LIQUIDITY AND CAPITAL RESOURCES

     The Company's bank credit facility is comprised of a revolving credit line
of $25.0 million, a $6.0 million term loan amortizing over fifty-six months
beginning in October 1996 and a $3.8 million equipment line. The loan agreement
contains financial covenants related to the Company's net worth and debt service
coverage and restricts capital expenditures. At July 31, 1998, total borrowings
under this facility were $18.1 million under the revolving credit line and $3.6
million under the term loan.

     The Company leases certain manufacturing facilities and equipment using
both capital and operating lease arrangements. At July 31, 1998, future minimum
lease payments under the noncancelable portion of lease agreements were $21.7
million, of which $7.8 million is scheduled for payment in fiscal 1999.

     In January 1998, the Company completed a private placement of an aggregate
of 500,000 shares of its Common Stock, raising approximately $3.6 million. The
purpose of the offering was principally to provide the Company additional
financial flexibility to take advantage of business opportunities as they arise.

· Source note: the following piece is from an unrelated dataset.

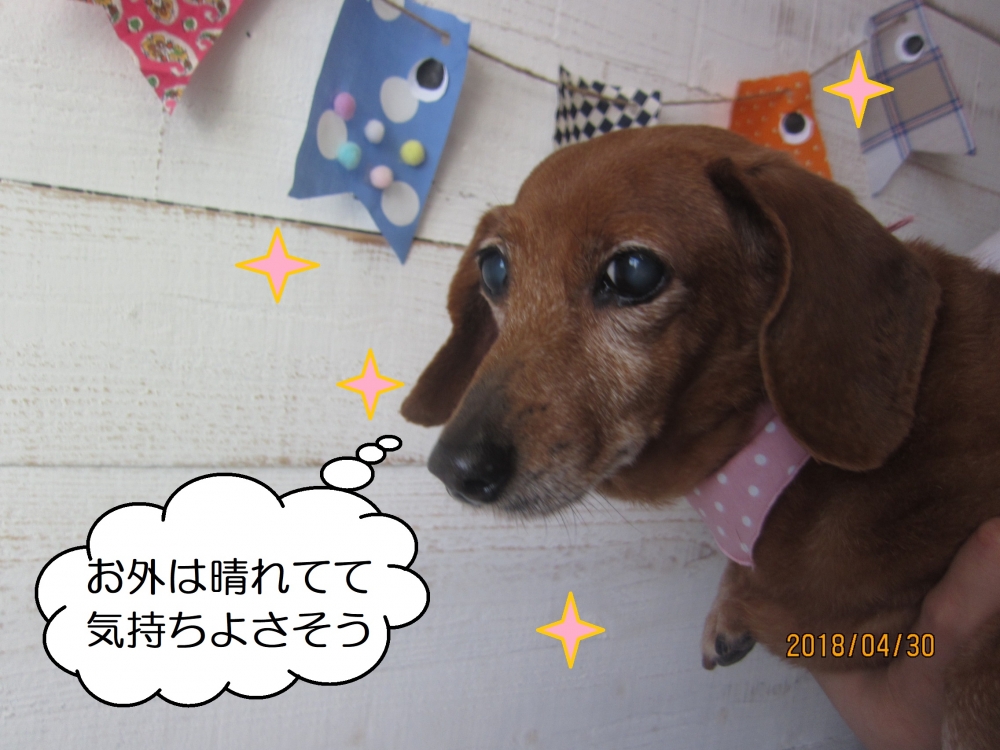 持ち上げられてるミニチュアダックス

     The Company's cash and cash equivalents increased from $4.3 million to $5.3
million during the year ended July 31, 1998. Cash from operations was provided
by net income before depreciation and amortization of $4.8 million, a decrease
in inventories of $9.6 million, a decrease in accounts receivable of $3.3
million and an increase in accrued expenses, deferred taxes and other current
liabilities of $2.0 million which was offset by a decrease in accounts payable
of $14.6 million, an increase in other assets of $1.6 million and capitalized
start-up costs of $1.2 million.

     The Company used cash of $9.5 million in investing activities during fiscal
1998 including $6.4 million in payments associated with the purchase of a
4.4-acre tract of land in Hermosillo, Mexico and the construction and start-up
of the Company's new facility at that site. The Company also expended $3.1
million for other equipment acquisitions and facility leasehold improvements.

     Cash flow from financing activities during fiscal 1998 totaled $8.2
million, net of $1.7 million used to pay long-term debt and capital lease
obligations. During the year, cash of $5.3 million was provided by increased
borrowings under the Company's revolving credit line and $3.6 million from the
private equity placement described above. During fiscal 1998, approximately
78,000 shares of the Company's Common Stock were issued pursuant to the
Company's Employee Stock Purchase Plan, resulting in net proceeds to the Company
of $608,000. Also during the fiscal year, options to purchase approximately
85,000 shares of the Company's Common Stock were exercised, resulting in net
proceeds to the Company of $342,000.



<PAGE>   9
16 CMC Industries, Inc. and Subsidiaries

MANAGEMENT'S DISCUSSION AND ANALYSIS OF FINANCIAL CONDITION
AND RESULTS OF OPERATIONS (Continued)

     In July 1998, the Company converted certain older accounts receivable from
Cortelco totaling $2.0 million into a note receivable. Under the terms of the
note, Cortelco agrees to pay the balance over a three-year term with monthly
payments of $50,000 plus interest and a final installment of $200,000 due at the
end of the three-year period. Interest accrues on the note at a rate of 9.0% per
annum. The Company continues to provide credit for manufacturing services sold
to Cortelco in the form of trade receivables.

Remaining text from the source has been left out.